[Astek] Négociations de l’Accord Temps de travail – Clap de fin

FO prend note du choix de la direction de clôturer la négociation sur le temps de travail qu’elle avait pourtant ouverte en urgence il y a seulement quelques mois suite au rappel à l’ordre de différentes inspections du travail sur le suivi du temps de travail.

Conscient de l’importance de se conformer aux obligations légales et du besoin d’harmonisation et de clarification des modalités de temps de travail, FO a fait de nombreuses revendications structurantes pour le bien de l’entreprise et de ses salariés et mais également afin d’accompagner ses évolutions futures de développement (notamment en termes d’effectifs et d’intégration de nouvelles entreprises).

FO note que l’entreprise ne se considère pas à ce jour assez mature à ce sujet du fait du coût financier que ces évolutions pourraient représenter. Cette vision strictement financière à court-terme est en décalage avec les attentes de la jeunesse d’aujourd’hui qui réclament notamment un meilleur équilibre vie personnelle-vie professionnelle.

FO regrette que l’emprunt de 200 M€ levé par l’entreprise ne soit pas investi en partie pour améliorer la structuration de l’entreprise et les conditions de travail de ses salariés. Le PDG (J. Gavaldon) aurait pu réduire la part redistribuer aux actionnaires (46 M€) pour le bien des salariés de l’entreprise.

Pour autant, FO reste un interlocuteur engagé sur ce sujet auprès de la direction et continuera à proposer ses idées et réflexions sur tous les sujets où ses négociateurs interviennent.
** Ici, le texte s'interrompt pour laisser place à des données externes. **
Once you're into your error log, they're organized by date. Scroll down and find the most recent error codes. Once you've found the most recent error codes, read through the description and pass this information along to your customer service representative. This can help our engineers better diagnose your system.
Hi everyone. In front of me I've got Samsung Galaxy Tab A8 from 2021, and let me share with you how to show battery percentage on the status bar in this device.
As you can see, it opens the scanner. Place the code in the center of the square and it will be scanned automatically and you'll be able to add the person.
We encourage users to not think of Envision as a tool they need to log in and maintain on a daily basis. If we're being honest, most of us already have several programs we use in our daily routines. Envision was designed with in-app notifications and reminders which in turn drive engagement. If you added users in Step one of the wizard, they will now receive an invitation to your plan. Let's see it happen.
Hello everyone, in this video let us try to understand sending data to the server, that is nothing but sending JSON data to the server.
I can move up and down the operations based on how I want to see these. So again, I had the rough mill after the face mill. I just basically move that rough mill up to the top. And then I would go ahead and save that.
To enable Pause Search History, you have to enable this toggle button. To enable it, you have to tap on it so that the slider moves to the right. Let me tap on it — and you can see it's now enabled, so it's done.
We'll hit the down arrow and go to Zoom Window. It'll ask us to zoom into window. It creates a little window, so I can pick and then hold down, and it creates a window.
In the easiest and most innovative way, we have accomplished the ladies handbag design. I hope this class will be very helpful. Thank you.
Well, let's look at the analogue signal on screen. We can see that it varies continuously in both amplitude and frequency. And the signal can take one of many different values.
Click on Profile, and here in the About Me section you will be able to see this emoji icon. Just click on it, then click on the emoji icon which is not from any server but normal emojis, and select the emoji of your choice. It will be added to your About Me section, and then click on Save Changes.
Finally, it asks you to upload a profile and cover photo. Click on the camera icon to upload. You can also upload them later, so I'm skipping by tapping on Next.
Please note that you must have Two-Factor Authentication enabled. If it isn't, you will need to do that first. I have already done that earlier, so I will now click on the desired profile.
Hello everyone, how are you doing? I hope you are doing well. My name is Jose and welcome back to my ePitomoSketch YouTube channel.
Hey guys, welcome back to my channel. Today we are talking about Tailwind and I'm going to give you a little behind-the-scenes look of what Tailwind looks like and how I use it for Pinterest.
[Vos droits] Nullité de la convention de forfait

La convention de forfait est nulle dès lors que l’employeur ne vérifie pas que le salarié prend ses jours de récupération et que la durée maximale de travail n’est pas dépassée Dans ces circonstances, le salarié peut prétendre au paiement des heures supplémentaires.

Extrait de la décision de la Cour d’Appel (CA Aix-en-Provence 30 juillet 2021 n°18/14034) : « En l’absence de dispositions issues d’un accord d’entreprise ou d’établissement relatives à la convention de forfait et alors que l’employeur n’a pas mis en œuvre des modalités très concrètes de suivi effectif et régulier de l’amplitude et de la charge de travail du salarié, susceptibles de constituer une garantie suffisante à assurer la protection de la sécurité et de la santé du salarié, il s’ensuit que la convention de forfait est nulle et que Monsieur A est en droit de solliciter le paiement des heures supplémentaires exécutées au-delà de la durée légale de 35 heures hebdomadaires. »

[Vos droits] Le licenciement prononcé à l’encontre d’un salarié pour avoir subi ou refusé de subir des agissements répétés de harcèlement moral est nul

Cette protection s’étend au salarié qui relate des faits de harcèlement moral, sauf mauvaise foi.

Une salariée est licenciée après avoir dénoncé par lettre un comportement fautif de son employeur.

La Cour d’Appel rejette sa demande en nullité du licenciement, au motif qu’elle n’évoquait pas un harcèlement moral mais « des agissements consistant en des humiliations, dénigrements, comportements et propos vexatoires, ayant pour effet, si ce n’est pour objet, une grave dégradation de son état de santé physique et mental ».

Selon la jurisprudence classique de la cour de cassation, le pourvoi de la salariée aurait dû être rejeté. Cependant la Cour de cassation (Cass.soc. 9 juin 2021 n°20-15.525) casse la décision de la Cour d’appel et accueille la demande de nullité du licenciement car, si la salariée n’invoquait pas un harcèlement dans sa lettre, l’employeur évoquait comme grief, dans la lettre de licenciement, le fait pour la salariée d’avoir proféré « des accusations de harcèlement tout à fait inexactes ».

La jurisprudence de cet arrêt invite donc l’employeur à faire preuve de vigilance quant aux termes à utiliser, ou à ne pas utiliser, en matière de harcèlement moral.

[Vos droits] L’employeur ne peut modifier en cours d’année des objectifs fixés en début d’exercice

la Cour de cassation (Cass. Soc. 8 avril 2021, n°19-15.432) a jugé que, si l’employeur peut modifier les objectifs annuels dans le cadre de son pouvoir de direction, il lui appartient cependant de le faire en début d’exercice, et non en cours d’exécution alors qu’il prend connaissance de leur niveau d’exécution, ni à l’issue de l’exercice.

La Cour de cassation a donc confirmé l’arrêt de la Cour d’appel, et retenu que l’employeur ne pouvait pas, à l’issue de l’exercice, unilatéralement, modifier le mode de calcul convenu de la rémunération, ni réduire le montant de la prime.